START DATASET RECORDS

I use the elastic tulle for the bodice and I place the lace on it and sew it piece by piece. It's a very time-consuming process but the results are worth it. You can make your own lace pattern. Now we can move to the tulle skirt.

END DATASET RECORDS
START DATASET RECORDS

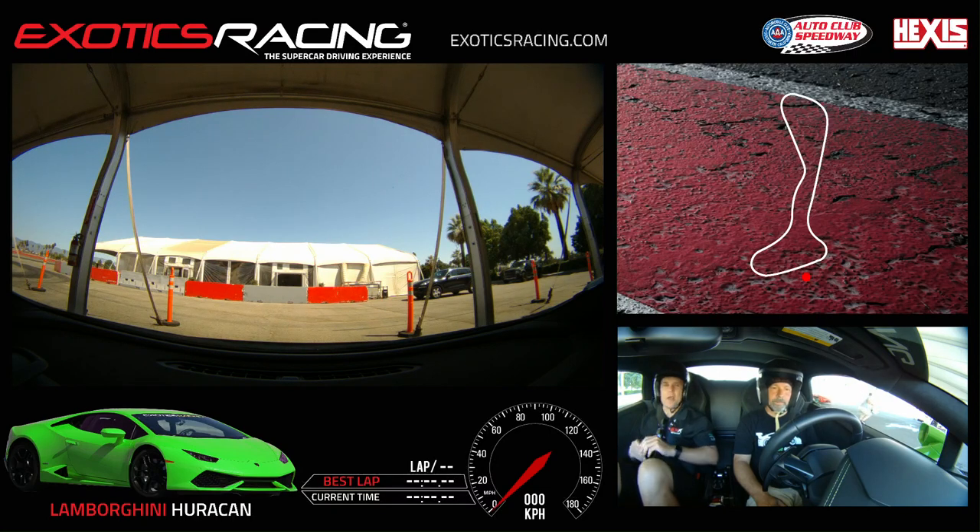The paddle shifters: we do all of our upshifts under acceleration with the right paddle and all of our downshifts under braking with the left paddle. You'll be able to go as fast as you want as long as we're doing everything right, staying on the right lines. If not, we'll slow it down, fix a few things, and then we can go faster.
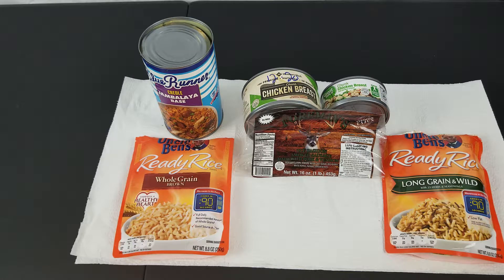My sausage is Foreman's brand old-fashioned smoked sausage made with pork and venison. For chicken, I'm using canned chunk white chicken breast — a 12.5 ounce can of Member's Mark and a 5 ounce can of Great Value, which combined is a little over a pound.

END DATASET RECORDS

_TRY IT_
Going back to the data above, write out everything from the line with "The paddle shifters: we" down to the line with "My sausage is", both included, leaving every picture out.

_RESULT_
The paddle shifters: we do all of our upshifts under acceleration with the right paddle and all of our downshifts under braking with the left paddle. You'll be able to go as fast as you want as long as we're doing everything right, staying on the right lines. If not, we'll slow it down, fix a few things, and then we can go faster.
My sausage is Foreman's brand old-fashioned smoked sausage made with pork and venison. For chicken, I'm using canned chunk white chicken breast — a 12.5 ounce can of Member's Mark and a 5 ounce can of Great Value, which combined is a little over a pound.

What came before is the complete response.